Jeremy Pierce February 16, 2011 at 9:32 am
I’ve long thought lying and killing should be in the same moral category, i.e. things that are almost always wrong because they involve evil in the sense that Steve Hays earlier pointed out. They involve bad consequences, and they involve bringing ourselves to do things that we only should do with great hesitation.

steve hays February 16, 2011 at 2:36 pm

“Still, when it comes to the notion of ‘just lying’ I’d have to ask, then, at what point do we draw the line? If it’s okay (or even our duty) to lie to prevent unjust murder, is it okay to lie to prevent unjust injury? Is it okay to lie to prevent burglary, or hijacking? Is it okay to lie if it brings about financial gain to the church? Is it okay (or even our duty) to lie if it results in conversions to Christ?”

i) You could raise the same kinds of questions about killing. Do borderline cases thereby justify pacifism? Is there no right of self-defense unless you can address every conceivable contingency?
ii) What’s wrong with deception to prevent hijacking? Where’s the argument?
iii) There are situations in life where we don’t always have ready-made answers. Where we don’t know the right answer. But that doesn’t mean we’re equally uncertain about everything, does it?
“I’d be very concerned that it turns into a utilitarian calculus, where lesser bads are justified if they can reasonably be expected to result in greater goods.”
i) To begin with, we’re often confronted with forced options in life. We don’t have the luxury of being noncommittal.
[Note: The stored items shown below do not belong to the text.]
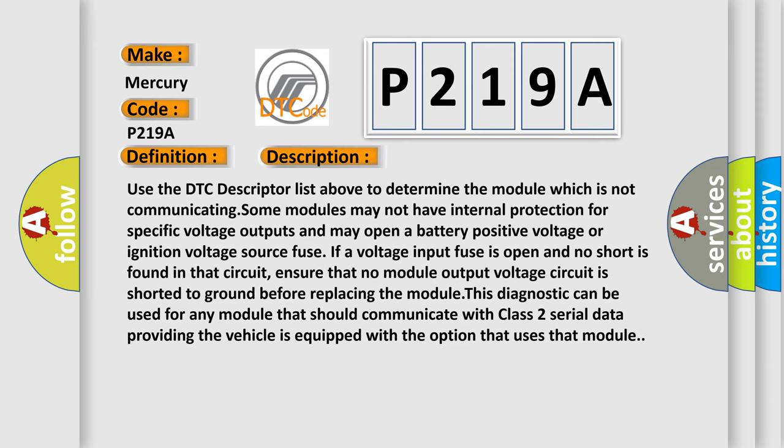Use the DTC descriptor list above to determine the module which is not communicating. Some modules may not have internal protection for specific voltage outputs and may open a battery positive voltage or ignition voltage source fuse if a voltage input fuse is open and no short is found in that circuit. Ensure that no module output voltage circuit is shorted to ground before replacing the module. This diagnostic can be used for any module that should communicate with Class 2 serial data providing the vehicle is equipped with the option that uses that module.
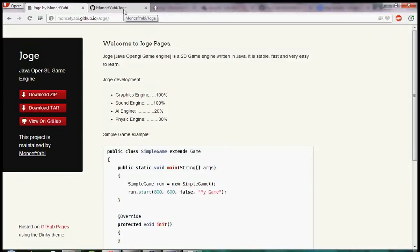Hello everybody, my name is Monsifieri. I will show you in this series of tutorials how you can make games with Java and JAWS. JAWS is an open source game engine. It's fast and very easy to learn.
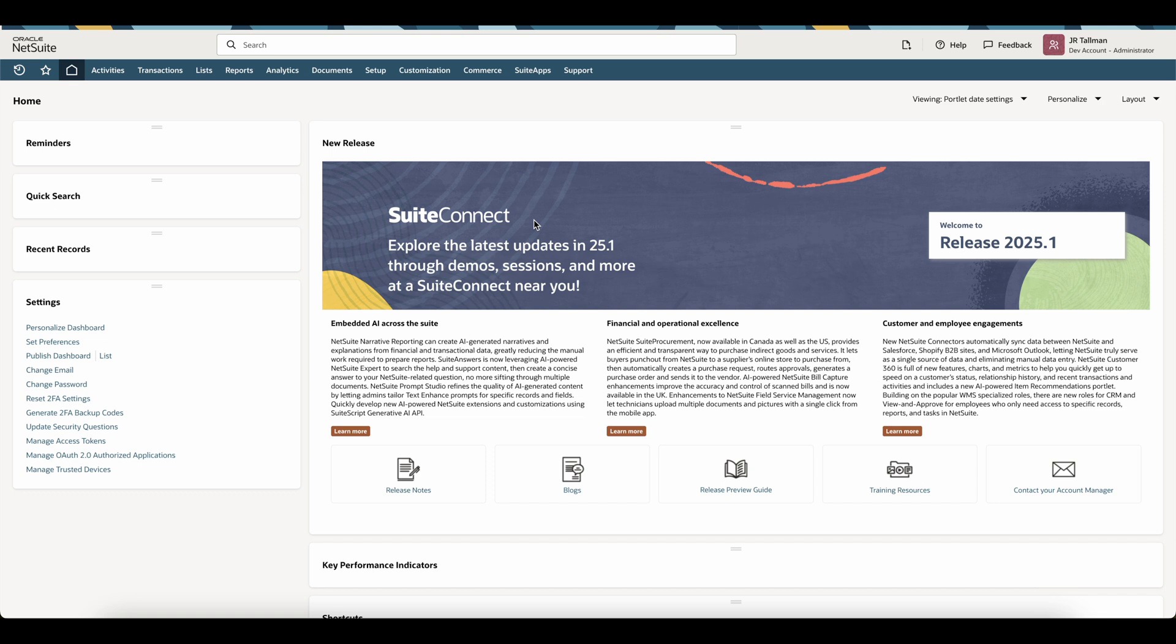Hi, my name is JR Talman, and in this NetSuite tutorial, I'm going to go through how to enter your opening prepaids or amortization schedules within NetSuite.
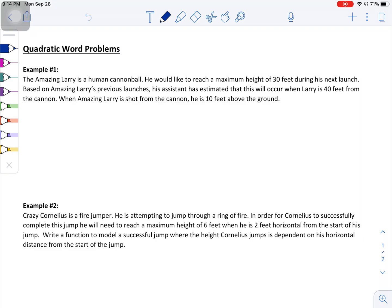In the last video, I showed you how to take a vertex and a point and use that information to write the equation of a quadratic function that passes through that vertex and that point. We're going to continue working with that today, but the difference is now the information is going to be built into a word problem. So what you're going to need to do is read the word problem, annotate it, draw a picture from your annotations, and then use the information to generate your equation.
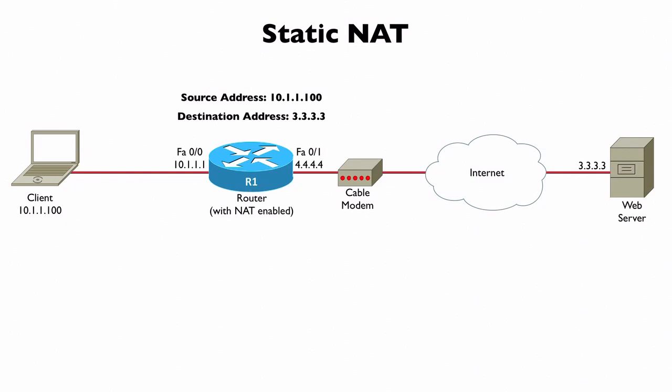With Static NAT this router is going to be told that this inside local address is going to be translated into one specific inside global address. This might be useful if we have a web server or some other type of server inside of our network that we want reachable from the outside and we always want it reachable via a single IP address. This is a way to allow a server that's going to be accessed from the internet to have a private IP address if we do a static mapping from the inside local address to the inside global address.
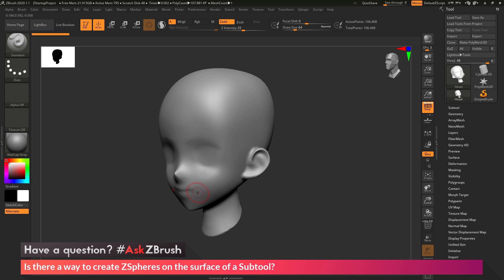So is there a way I can go through and generate these ZSpheres and have them snap to the surface? So the answer is yes, and the process to do this is pretty simple.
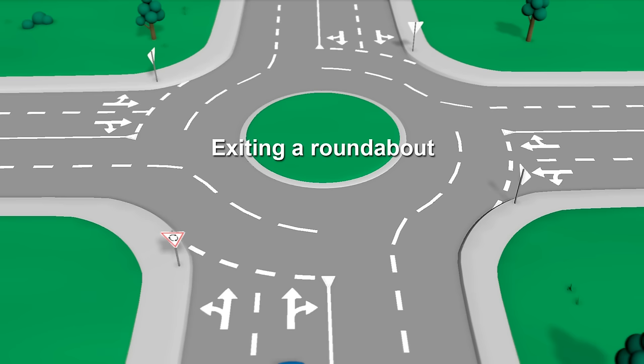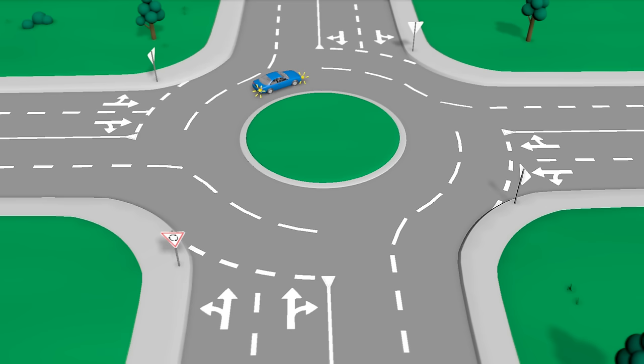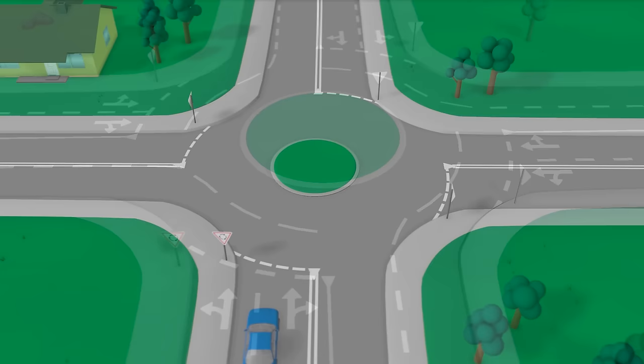Exiting a roundabout. As when you exit a road, you must signal left when leaving a roundabout if it is practical to do so, and you should stop indicating as soon as you have exited the roundabout. However, when you are travelling straight ahead on a small single lane roundabout, it may be impractical to indicate when exiting.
Both action and inaction have corresponding results.
ii) You yourself are raising a consequentialist objection to consequentialism. You’re resorting to the slippery slope argument. You’re saying we shouldn’t lie, for if we make an exception in this case, then what about x, y, and z? Well, isn’t that an outcome-based objection?
iii) In addition, your objection is very lopsided. You act as though worst-case scenarios only apply to deception. But, of course, it’s easy to come up with worst-case scenarios for the opposing position as well. Shouldn’t your concern be more evenhanded? Why is your concern limited to the consequences of deception, but not the consequences of your alternative? Hypotheticals cut both ways, you know.